Stephen Edwards
Dept. of Computer Science
Virginia Tech
660 McBryde Hall (0106)
Blacksburg, VA 24061 USA
edwards@cs.vt.edu
Phone: +1 540 231 5723
Fax: +1 540 231 6075
URL: http://people.cs.vt.edu/~edwards/
We can adapt industrial-quality tools for developing, testing, and grading Resolve/C++ programs, and use them to bring modern software testing practices into the classroom. This paper demonstrates how this can be done by taking a sample Resolve/C++ assignment based on software testing ideas, building a simple Eclipse project that handles build and execution actions for the assignment, writing all of the tests using CxxTest, and processing a solution through Web-CAT, and flexible automated grading system. Using tool support to bring realistic testing practices into the classroom has demonstrable learning benefits, and adapting existing tools for use with Resolve/C++ will allow these same techniques to be used in courses where Resolve/C++ is used.
Keywords
Software testing, CxxTest, Eclipse, JUnit, unit testing framework, test-driven development, test-first coding, IDE, interactive development environment, Web-CAT, automated grading
Software testing is a topic that does not receive full coverage in most undergraduate curricula [Shepard01, Edwards03a]. If we want to teach testing practices more effectively, it may be appropriate to integrate software testing across many--or even most--courses in an undergraduate program [Jones00, Jones01, Edwards03a]. We have had some success with this approach in our core curriculum at Virginia Tech, after integrating software testing throughout our freshman and sophomore courses.

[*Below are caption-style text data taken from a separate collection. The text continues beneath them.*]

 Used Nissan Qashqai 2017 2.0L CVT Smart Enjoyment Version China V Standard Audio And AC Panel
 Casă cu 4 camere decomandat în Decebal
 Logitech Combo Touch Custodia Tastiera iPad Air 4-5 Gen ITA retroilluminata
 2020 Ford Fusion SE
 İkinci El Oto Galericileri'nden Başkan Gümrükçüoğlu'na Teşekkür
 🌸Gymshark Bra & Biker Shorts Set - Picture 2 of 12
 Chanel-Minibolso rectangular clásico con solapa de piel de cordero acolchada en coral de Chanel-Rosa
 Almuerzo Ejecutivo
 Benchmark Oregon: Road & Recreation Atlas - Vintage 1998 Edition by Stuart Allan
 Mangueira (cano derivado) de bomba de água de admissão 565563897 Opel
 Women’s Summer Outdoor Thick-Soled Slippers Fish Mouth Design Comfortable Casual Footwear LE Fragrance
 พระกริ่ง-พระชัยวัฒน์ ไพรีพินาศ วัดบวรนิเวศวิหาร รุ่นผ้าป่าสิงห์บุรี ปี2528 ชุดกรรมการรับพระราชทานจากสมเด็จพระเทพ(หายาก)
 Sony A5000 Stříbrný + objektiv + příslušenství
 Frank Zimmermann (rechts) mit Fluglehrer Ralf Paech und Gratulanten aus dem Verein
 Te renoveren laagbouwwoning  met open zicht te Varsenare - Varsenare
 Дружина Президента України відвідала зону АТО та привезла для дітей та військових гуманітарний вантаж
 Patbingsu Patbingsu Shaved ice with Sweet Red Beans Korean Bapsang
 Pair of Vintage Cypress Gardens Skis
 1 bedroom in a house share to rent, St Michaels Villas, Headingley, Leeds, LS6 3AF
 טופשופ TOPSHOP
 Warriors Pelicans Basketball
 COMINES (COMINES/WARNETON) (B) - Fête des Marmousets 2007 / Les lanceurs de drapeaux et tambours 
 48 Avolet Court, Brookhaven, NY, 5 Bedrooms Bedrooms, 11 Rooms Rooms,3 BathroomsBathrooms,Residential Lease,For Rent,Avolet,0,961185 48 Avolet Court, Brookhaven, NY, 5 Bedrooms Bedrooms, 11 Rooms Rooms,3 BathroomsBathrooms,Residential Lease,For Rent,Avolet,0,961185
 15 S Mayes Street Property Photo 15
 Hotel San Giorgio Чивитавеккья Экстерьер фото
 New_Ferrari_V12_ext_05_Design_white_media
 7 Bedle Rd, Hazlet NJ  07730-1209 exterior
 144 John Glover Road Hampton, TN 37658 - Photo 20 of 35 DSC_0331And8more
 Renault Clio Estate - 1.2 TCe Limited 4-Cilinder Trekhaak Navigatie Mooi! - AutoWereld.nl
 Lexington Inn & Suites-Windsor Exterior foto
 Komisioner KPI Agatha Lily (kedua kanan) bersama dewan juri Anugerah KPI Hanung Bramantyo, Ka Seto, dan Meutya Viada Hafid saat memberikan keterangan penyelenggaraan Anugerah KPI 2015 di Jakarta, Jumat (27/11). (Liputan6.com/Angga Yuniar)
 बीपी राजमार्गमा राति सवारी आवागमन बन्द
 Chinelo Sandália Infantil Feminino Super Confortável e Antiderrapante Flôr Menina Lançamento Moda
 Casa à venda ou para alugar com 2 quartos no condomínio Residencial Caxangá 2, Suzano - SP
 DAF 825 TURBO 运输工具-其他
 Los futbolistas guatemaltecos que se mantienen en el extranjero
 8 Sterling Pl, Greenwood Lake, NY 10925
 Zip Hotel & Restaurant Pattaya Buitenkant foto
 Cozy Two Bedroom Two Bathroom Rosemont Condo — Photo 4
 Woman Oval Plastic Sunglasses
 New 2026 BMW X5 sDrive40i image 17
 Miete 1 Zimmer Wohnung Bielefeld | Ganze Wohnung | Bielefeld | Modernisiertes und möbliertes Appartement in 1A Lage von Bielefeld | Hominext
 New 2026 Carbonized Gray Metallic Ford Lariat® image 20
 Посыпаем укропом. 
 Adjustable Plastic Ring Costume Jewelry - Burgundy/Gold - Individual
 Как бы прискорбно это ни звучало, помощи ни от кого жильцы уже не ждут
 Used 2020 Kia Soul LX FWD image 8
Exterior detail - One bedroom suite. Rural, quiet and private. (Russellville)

There are a number of potential benefits to learning when software testing is included in the curriculum, since formulating software tests requires a student to formulate and write down their own understanding of how the software they are writing is intended to behave [Edwards03b]. Further, running tests requires students to experimentally verify (or refute) their understanding of what their code does. Experimental results suggest that student code quality improves as a result. One of our experiments showed an average 28% reduction in bugs per thousand lines of non-commented source code (bugs/KNCSLOC), with the top 20% of students writing their own tests achieving 4 bugs/KNCSLOC or better--comparable to commercial quality in the U.S. Students who did only informal testing on their own never achieved this level of quality, with the best students achieving approximately 32 bugs/KNCSLOC [Edwards03b].
To make software testing practices a regular part of the classroom experience, two things are critical: we must make it easy for students to write and execute tests with minimum overhead, and we must provide concrete and directed feedback on how students can improve their performance. Both of these goals are solvable with appropriate tool support.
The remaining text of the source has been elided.